╭─ Data shown

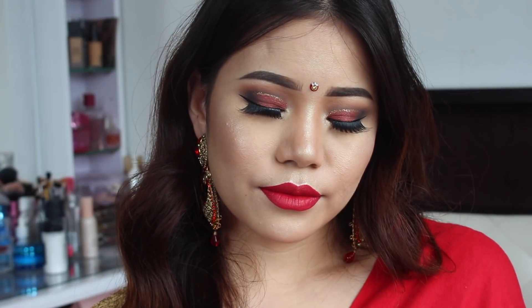Hi guys, this is Mamta, welcome back to my channel. Today's makeup is very special as you guys requested — this is the glam look. So let's get started.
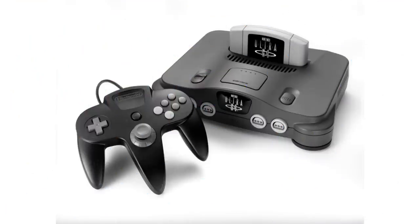Hey everybody, how's it going? Steve here with a quick update on the Ultra 64. You didn't hear me wrong — the Ultra 64, as in the original name of the Nintendo 64 before Nintendo ran into some copyright issues with the Ultra name.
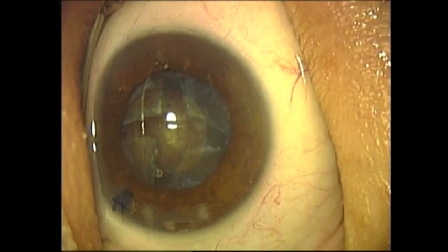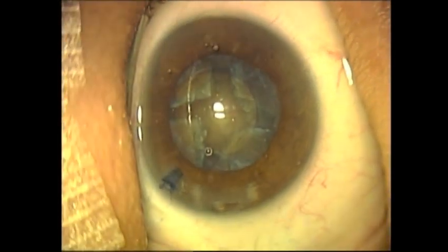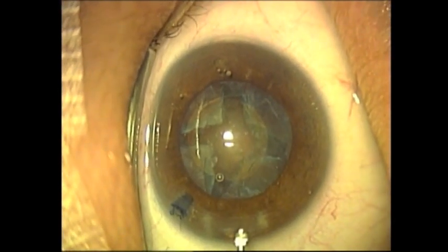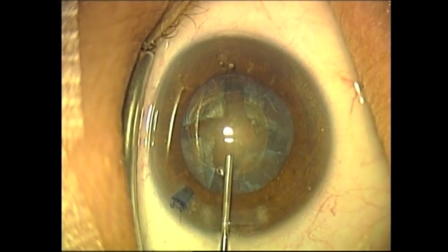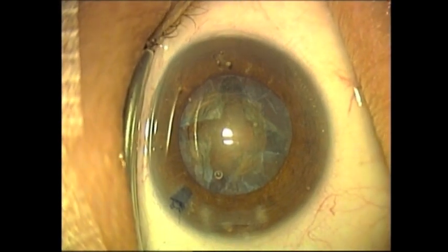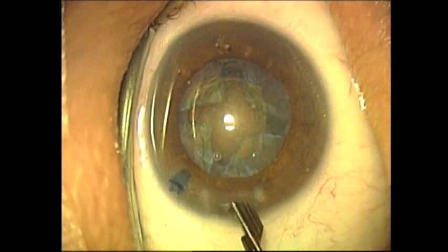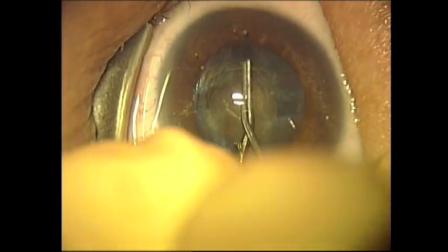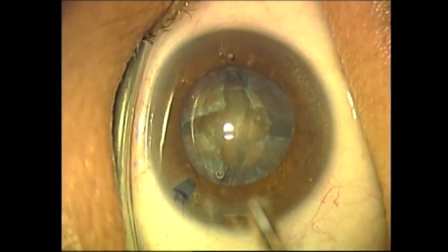viscoelastic — specifically Alcon Viscoat — is injected through the 3-millimeter corneal wound in order to protect the corneal endothelium, maintain the anterior chamber, and also facilitate what we are now seeing: the cracking of the lens nucleus into four quadrants.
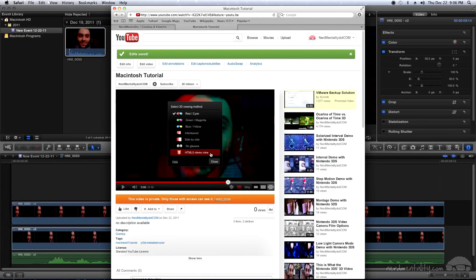Once again, congratulations on getting your 3D video from your Nintendo 3DS onto YouTube! I hope you found this tutorial helpful. If you have any questions feel free to leave comments below. You can also check out the written tutorial. Otherwise, have fun shooting in 3D!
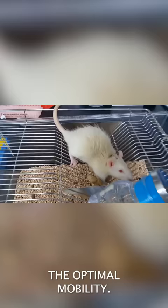And this rat can do quite well, and you see how this rat even tries to run away.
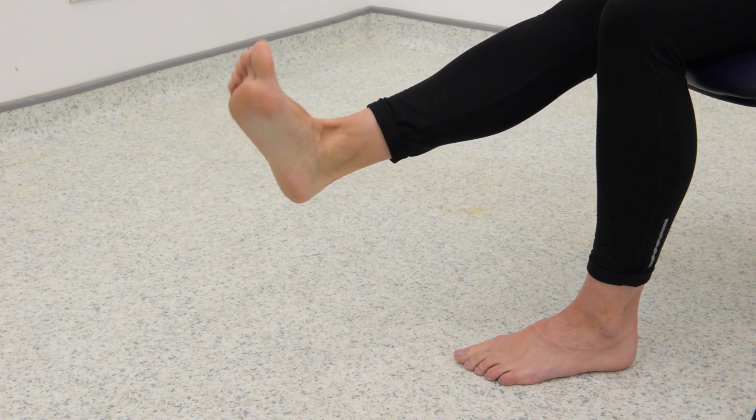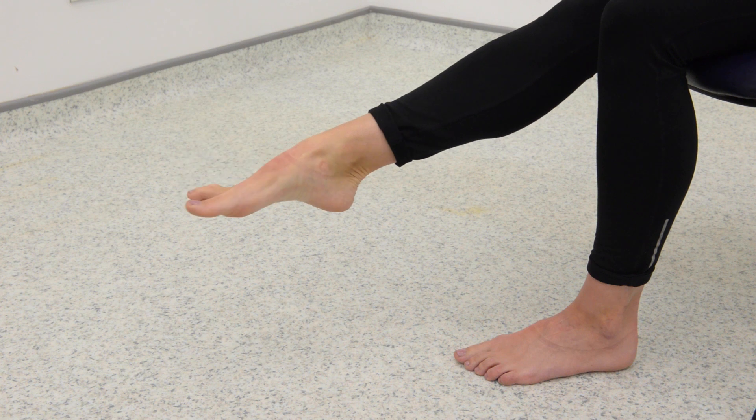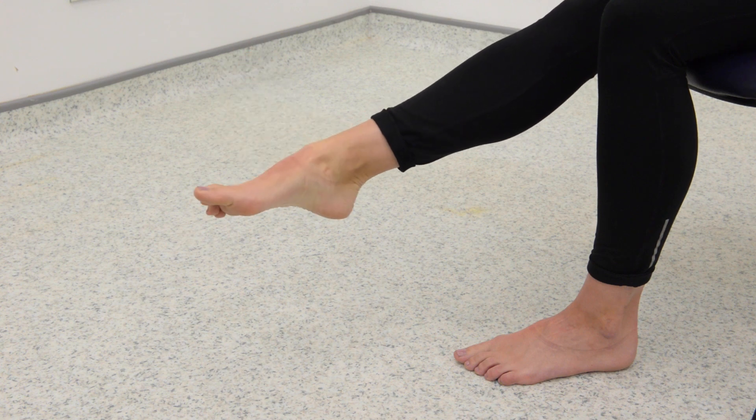Then slowly turn your ankle to the right and draw circles with your foot as pain allows. Repeat for 20 to 30 repetitions. Do this exercise every two hours as pain allows.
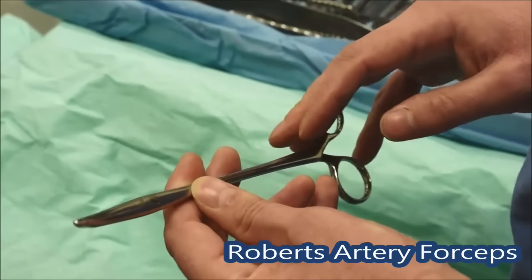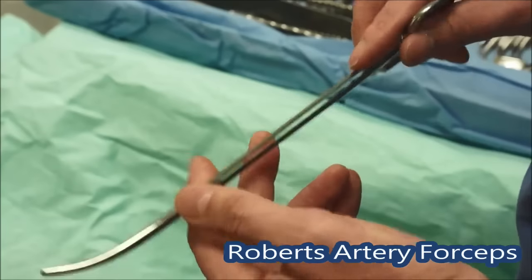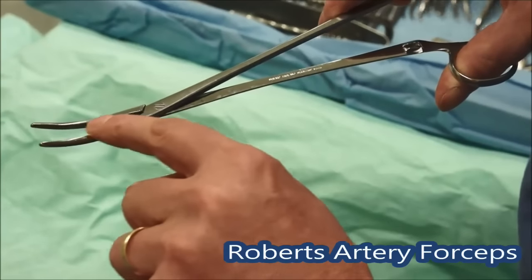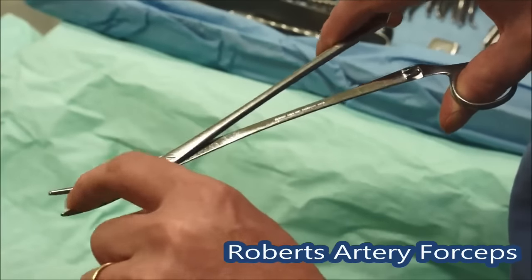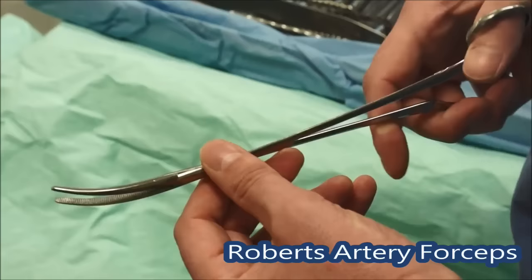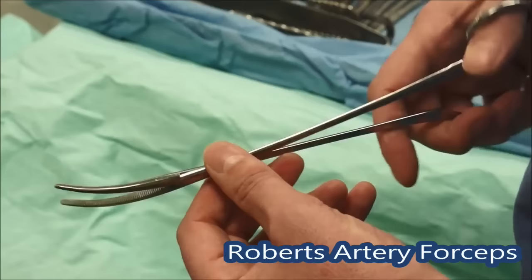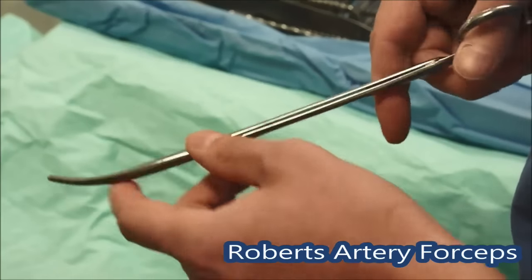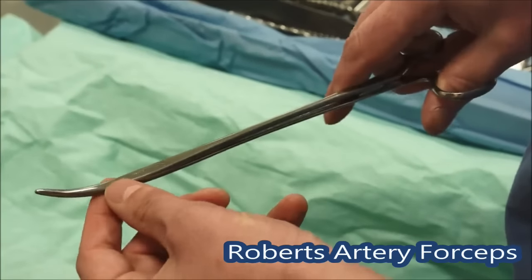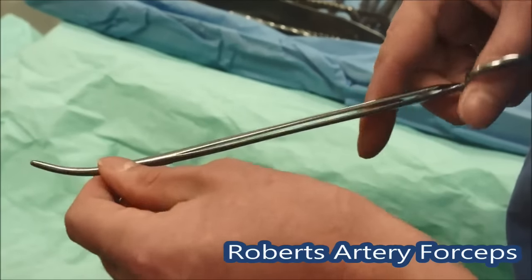This one is really the workhorse of the clip, certainly in abdominal surgery — it's called the Roberts and it's quite long. It will go down deeper holes and it's got quite long jaws on the end with some teeth inside. This is the instrument used to go across large named vessels — the ileocolic, the inferior mesenteric artery, et cetera. You put two of these on, cut between them, and then with large vessels probably transfix underneath. Again it's curved, so you can get the suture underneath quite easily to tie.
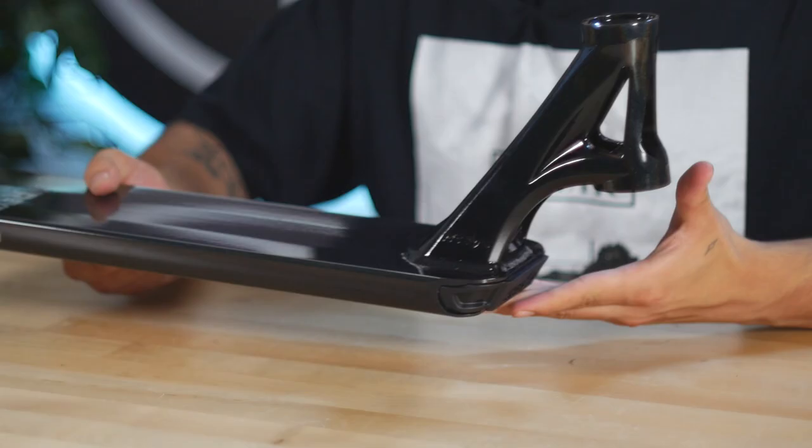Going to the front end, it's an 84 degree head tube angle. 84 degrees does set your head tube a little bit higher, but in return it's going to help with locking in grinds, manuals, and nose manuals. Because it's a little bit higher, it gives you more room to lock grinds in and more leverage for manuals.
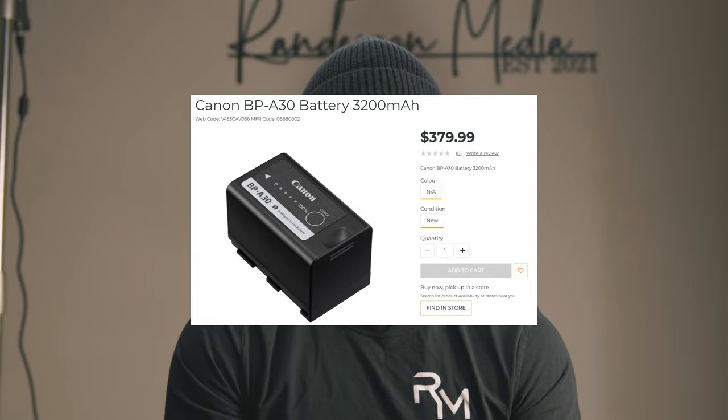No one talks about the battery situation for Canon cinema cameras. They're like Apple — they gatekeep their batteries. You basically have to buy batteries from Canon and they're overly expensive. An official BP-A30 battery is $379.99. How crazy is that just for a battery?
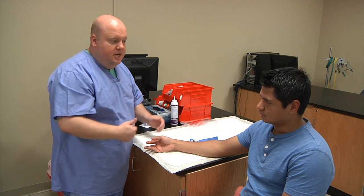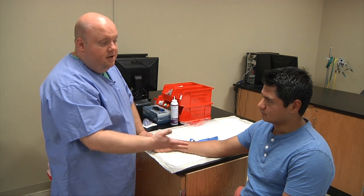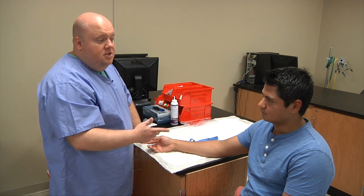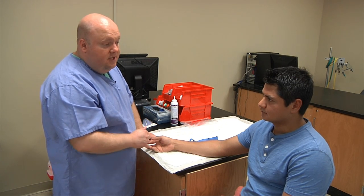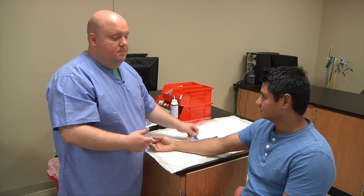Once you've done that, you'll greet your patient and tell them who you are: 'Hi, I'm Trevor, I'm from the lab today. The doctor's ordered some samples from you — do you mind if I go ahead and take a look and see if we can get these samples?' The patient gives consent, so we begin our procedure.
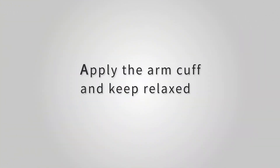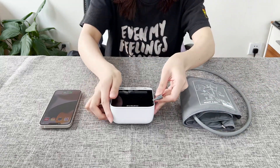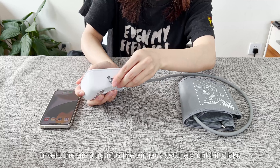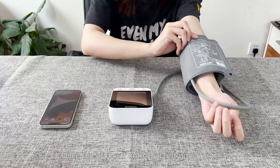Apply the arm cuff and keep relaxed. Insert the air plug into the air jack securely until it clicks. Place the arm cuff onto your left upper arm.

╰─

- _What the task requires_
The material above holds pictures; copy everything else in it exactly.

- _Written solution_
Hi guys, this is Mamta, welcome back to my channel. Today's makeup is very special as you guys requested — this is the glam look. So let's get started.
Hey everybody, how's it going? Steve here with a quick update on the Ultra 64. You didn't hear me wrong — the Ultra 64, as in the original name of the Nintendo 64 before Nintendo ran into some copyright issues with the Ultra name.
viscoelastic — specifically Alcon Viscoat — is injected through the 3-millimeter corneal wound in order to protect the corneal endothelium, maintain the anterior chamber, and also facilitate what we are now seeing: the cracking of the lens nucleus into four quadrants.
Once again, congratulations on getting your 3D video from your Nintendo 3DS onto YouTube! I hope you found this tutorial helpful. If you have any questions feel free to leave comments below. You can also check out the written tutorial. Otherwise, have fun shooting in 3D!
And this rat can do quite well, and you see how this rat even tries to run away.
Then slowly turn your ankle to the right and draw circles with your foot as pain allows. Repeat for 20 to 30 repetitions. Do this exercise every two hours as pain allows.
This one is really the workhorse of the clip, certainly in abdominal surgery — it's called the Roberts and it's quite long. It will go down deeper holes and it's got quite long jaws on the end with some teeth inside. This is the instrument used to go across large named vessels — the ileocolic, the inferior mesenteric artery, et cetera. You put two of these on, cut between them, and then with large vessels probably transfix underneath. Again it's curved, so you can get the suture underneath quite easily to tie.
Going to the front end, it's an 84 degree head tube angle. 84 degrees does set your head tube a little bit higher, but in return it's going to help with locking in grinds, manuals, and nose manuals. Because it's a little bit higher, it gives you more room to lock grinds in and more leverage for manuals.
No one talks about the battery situation for Canon cinema cameras. They're like Apple — they gatekeep their batteries. You basically have to buy batteries from Canon and they're overly expensive. An official BP-A30 battery is $379.99. How crazy is that just for a battery?
Once you've done that, you'll greet your patient and tell them who you are: 'Hi, I'm Trevor, I'm from the lab today. The doctor's ordered some samples from you — do you mind if I go ahead and take a look and see if we can get these samples?' The patient gives consent, so we begin our procedure.
Apply the arm cuff and keep relaxed. Insert the air plug into the air jack securely until it clicks. Place the arm cuff onto your left upper arm.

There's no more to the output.